Limitations: Federated learning is not immune to privacy attacks. Model updates can sometimes reveal information about the underlying data (gradient inversion attacks). Combining federated learning with differential privacy -- adding noise to the gradient updates -- provides stronger protection at the cost of some model accuracy.

Governance relevance: Federated learning embodies the data minimization principle in a machine learning context: the data stays local, only insights travel. It is especially promising for healthcare, where patient data cannot easily cross institutional boundaries.

PETs Comparison Summary:

Technology What It Protects Key Limitation Maturity

Homomorphic Encryption Data during computation Very slow for complex operations Research/early commercial

Secure Multi-Party Computation Data from other participants Communication overhead; protocol complexity Commercial in specific sectors

Federated Learning Data from centralization Gradient inversion attacks possible Deployed at scale (Google, Apple)

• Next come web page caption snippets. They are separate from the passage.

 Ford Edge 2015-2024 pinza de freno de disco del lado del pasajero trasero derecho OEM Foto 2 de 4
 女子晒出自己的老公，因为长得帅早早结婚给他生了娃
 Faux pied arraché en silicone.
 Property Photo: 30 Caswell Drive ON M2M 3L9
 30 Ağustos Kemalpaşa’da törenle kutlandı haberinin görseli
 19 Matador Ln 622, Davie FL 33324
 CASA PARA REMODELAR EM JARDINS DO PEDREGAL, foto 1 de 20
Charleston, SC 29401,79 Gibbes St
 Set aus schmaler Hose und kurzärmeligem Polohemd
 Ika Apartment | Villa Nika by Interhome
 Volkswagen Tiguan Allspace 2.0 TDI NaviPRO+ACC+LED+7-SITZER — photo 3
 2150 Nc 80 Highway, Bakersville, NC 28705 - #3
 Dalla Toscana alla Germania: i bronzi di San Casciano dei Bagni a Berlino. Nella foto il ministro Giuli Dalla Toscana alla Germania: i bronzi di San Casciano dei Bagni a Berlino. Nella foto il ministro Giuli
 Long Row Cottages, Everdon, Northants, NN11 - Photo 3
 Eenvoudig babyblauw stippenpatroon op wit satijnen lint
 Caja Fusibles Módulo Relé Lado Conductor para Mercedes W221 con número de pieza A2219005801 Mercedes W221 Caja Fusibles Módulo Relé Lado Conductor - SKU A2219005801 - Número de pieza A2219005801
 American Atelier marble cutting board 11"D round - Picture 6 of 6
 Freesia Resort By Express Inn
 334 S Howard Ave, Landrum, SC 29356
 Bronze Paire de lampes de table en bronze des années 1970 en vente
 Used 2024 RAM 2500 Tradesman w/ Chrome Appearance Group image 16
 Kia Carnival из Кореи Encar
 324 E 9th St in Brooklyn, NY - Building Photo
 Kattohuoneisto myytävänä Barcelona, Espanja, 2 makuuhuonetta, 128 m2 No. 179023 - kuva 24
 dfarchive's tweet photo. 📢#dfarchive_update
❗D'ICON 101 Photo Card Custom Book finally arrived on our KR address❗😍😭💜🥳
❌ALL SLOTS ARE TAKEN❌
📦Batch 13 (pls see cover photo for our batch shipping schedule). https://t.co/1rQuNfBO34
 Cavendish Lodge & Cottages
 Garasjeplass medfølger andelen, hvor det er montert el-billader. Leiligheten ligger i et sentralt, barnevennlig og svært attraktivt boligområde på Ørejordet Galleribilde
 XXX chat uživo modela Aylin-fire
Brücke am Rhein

10.7 Privacy by Design at VitraMed and in Detroit

10.7.1 VitraMed: Applying PbD to Patient Data

Mira spent a week mapping VitraMed's data flows against Cavoukian's seven principles. The results were sobering.

"We fail on almost every principle," she told her father over dinner. "We collect way more data than we need for EHR management -- Principle 2 violation. Our analytics pipeline was built first and privacy was added later as a compliance layer -- Principle 3 violation. We retain data indefinitely 'in case it's useful' -- Principle 5 violation. Our privacy dashboard for patients is a 12-page PDF that nobody reads -- Principle 7 violation."

Vikram Chakravarti set down his fork. "Mira, we're a startup. We had five engineers when we built that system. Privacy by design sounds nice in a textbook, but we were trying to survive."

"I know," Mira said. "I'm not saying you were malicious. I'm saying the system wasn't designed with privacy in mind, and now we have 50,000 patients whose data is more exposed than it needs to be. The question is what we do now."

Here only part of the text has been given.